Thats -1.7% across the whole country.
The US housing bubble has popped.
Fs in chat for your local obscenely overleveraged corporate landlord or serial home flipper or AirBnB leaser, though be warned, they may be extremely emotional and/or delusional at the moment.
That’s definitely a major hurricane zone. A major storm hits that coast multiple times per decade. It’s worse than the east coast of Florida.
When you buy a house on the Louisiana/ Texas coast, you are buying at least 5 hurricanes over the next decade. I’ve been through many hurricanes in Florida, and even the mild ones are scary as Hell. The worst ones are absolutely terrifying beyond belief.
I can see why people leave, and wouldn’t want to buy there, but where else are you going to go? California has fires that destroy entire towns, and also earthquakes. The Midwest/Plains has tornadoes. The north has crippling blizzards. Even Hawaii had the Maui fire, and has volcanoes.
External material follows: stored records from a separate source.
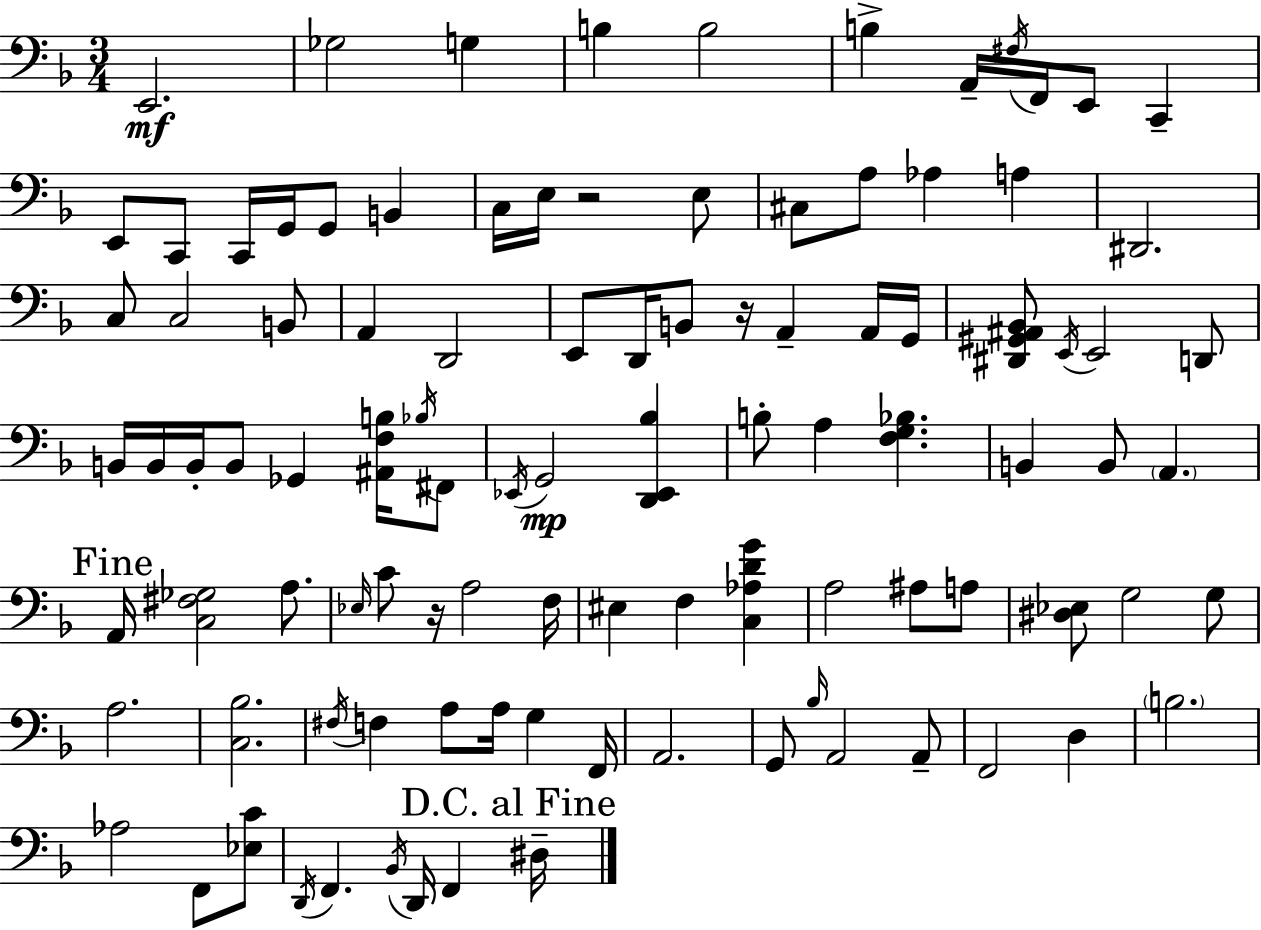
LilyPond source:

{
  \clef bass
  \numericTimeSignature
  \time 3/4
  \key f \major
  e,2.\mf | ges2 g4 | b4 b2 | b4-> a,16-- \acciaccatura { fis16 } f,16 e,8 c,4-- | \break e,8 c,8 c,16 g,16 g,8 b,4 | c16 e16 r2 e8 | cis8 a8 aes4 a4 | dis,2. | \break c8 c2 b,8 | a,4 d,2 | e,8 d,16 b,8 r16 a,4-- a,16 | g,16 <dis, gis, ais, bes,>8 \acciaccatura { e,16 } e,2 | \break d,8 b,16 b,16 b,16-. b,8 ges,4 <ais, f b>16 | \acciaccatura { bes16 } fis,8 \acciaccatura { ees,16 }\mp g,2 | <d, ees, bes>4 b8-. a4 <f g bes>4. | b,4 b,8 \parenthesize a,4. | \break \mark "Fine" a,16 <c fis ges>2 | a8. \grace { ees16 } c'8 r16 a2 | f16 eis4 f4 | <c aes d' g'>4 a2 | \break ais8 a8 <dis ees>8 g2 | g8 a2. | <c bes>2. | \acciaccatura { fis16 } f4 a8 | \break a16 g4 f,16 a,2. | g,8 \grace { bes16 } a,2 | a,8-- f,2 | d4 \parenthesize b2. | \break aes2 | f,8 <ees c'>8 \acciaccatura { d,16 } f,4. | \acciaccatura { bes,16 } d,16 f,4 \mark "D.C. al Fine" dis16-- \bar "|."
}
Almost everywhere has the potential for floods, and there are several dormant volcanoes and earthquake faults in unusual parts of the country that could wake up any time, and ruin everybody’s day.
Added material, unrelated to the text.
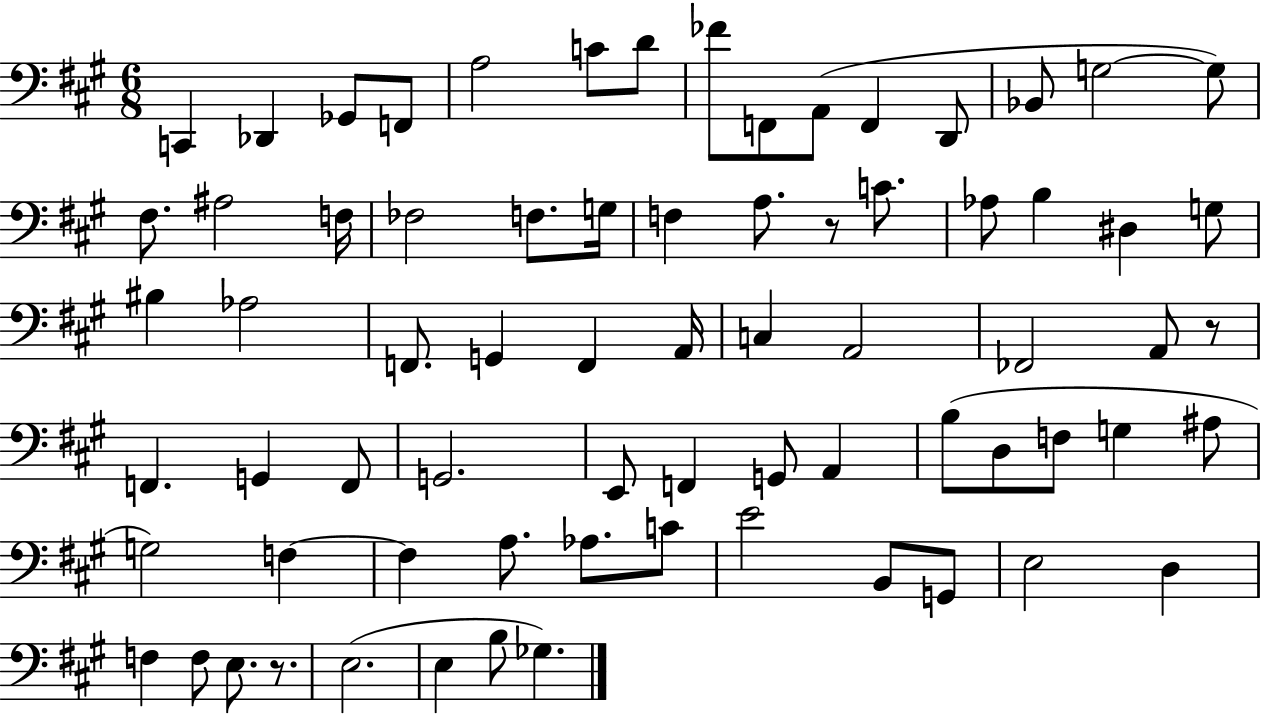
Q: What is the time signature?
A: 6/8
Weather is almost everywhere, and it hates humans.
Entirely seriously:
Minnesota.
Lots and lots of fresh water.
Fairly low CoL for a (hopefully) leans decently blue state.
Pretty darn low risk of climate change causing significantly worse and more frequent natural disasters.
The flood damage potential is actually not projected to increase significantly… nor are droughts and wildfires projected to be a serious problem.
Yeah, you get the blizzards, but… those are not projected to massively upscale to a point they’d be overwhelming the infrastructure, at least not yet in the next 10 years.
Also, despite the projected general housing downturn… Minnesota looks pretty uneventful in projections.
That would, to me, indicate an… actually stable economy generally, as compared to many other states that are much more prone to booms and busts, and thus massive wealth disparity.